More than two-thirds of U.S. and European financial firms surveyed by Mercer said they've raised base salaries while reducing cash bonuses. The change reflects regulatory and public pressure against large cash bonuses in the aftermath of the financial crisis.

Bank of America Lays Off 50 [Tampa Bay Business Journal]

Bank of America plans to eliminate 50 jobs in Florida by the end of August, mostly in its Tampa office.

Norway Attracts Hedge Funds As U.S., EU Step Up Regulation [Bloomberg News, via Pensions & Investments]

In the latest geographic twist on hedge fund job creation, fund firms are responding to Norway's move to relax regulations while both the U.S. and the European Union clamp down on the industry. Since Norway removed a ban on sales to institutional investors at the start of this month, five Norwegian and three foreign firms have applied to start or market hedge funds in the country.

Apple's iPad Wins Corporate Converts at Wells Fargo, SAP [Bloomberg News]

Wells Fargo is among several large corporations that quickly embraced Apple's iPad for corporate uses such as demonstrating financial products at an investor conference. That's a contrast with the iPhone, which Wells took two years to approve for its work force.

Securities Regulator Goofs, Sends Out SSNs Of 139,000 Advisers [Investment News]

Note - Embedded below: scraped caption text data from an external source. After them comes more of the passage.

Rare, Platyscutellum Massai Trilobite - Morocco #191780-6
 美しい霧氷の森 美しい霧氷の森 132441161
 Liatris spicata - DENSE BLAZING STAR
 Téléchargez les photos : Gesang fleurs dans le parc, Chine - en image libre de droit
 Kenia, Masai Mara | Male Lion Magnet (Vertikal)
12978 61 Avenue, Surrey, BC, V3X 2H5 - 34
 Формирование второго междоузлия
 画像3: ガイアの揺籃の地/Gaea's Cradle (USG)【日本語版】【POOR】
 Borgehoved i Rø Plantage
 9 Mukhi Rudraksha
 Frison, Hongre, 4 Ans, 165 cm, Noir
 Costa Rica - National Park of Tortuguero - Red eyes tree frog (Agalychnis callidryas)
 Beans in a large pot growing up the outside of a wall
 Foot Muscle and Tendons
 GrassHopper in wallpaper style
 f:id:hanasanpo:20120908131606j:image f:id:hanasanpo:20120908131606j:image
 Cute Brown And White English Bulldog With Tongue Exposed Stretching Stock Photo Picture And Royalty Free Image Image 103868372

Here's an occupational hazard you probably didn't bargain for. The Massachusetts Securities Division notified financial advisers in the state that it had accidentally released their Social Security numbers and other identifying information to a trade publication.

City Heavyweights Aim To Set Up New Bank [FT]

A handful of London banking notables plan to set up a new bank that would eventually bid for various UK bank assets including the government-controlled Northern Rock and branches of Lloyds Banking Group. Principals behind the as-yet-unnamed venture include Sir David Walker and Lloyd's of London Chairman Lord Levene.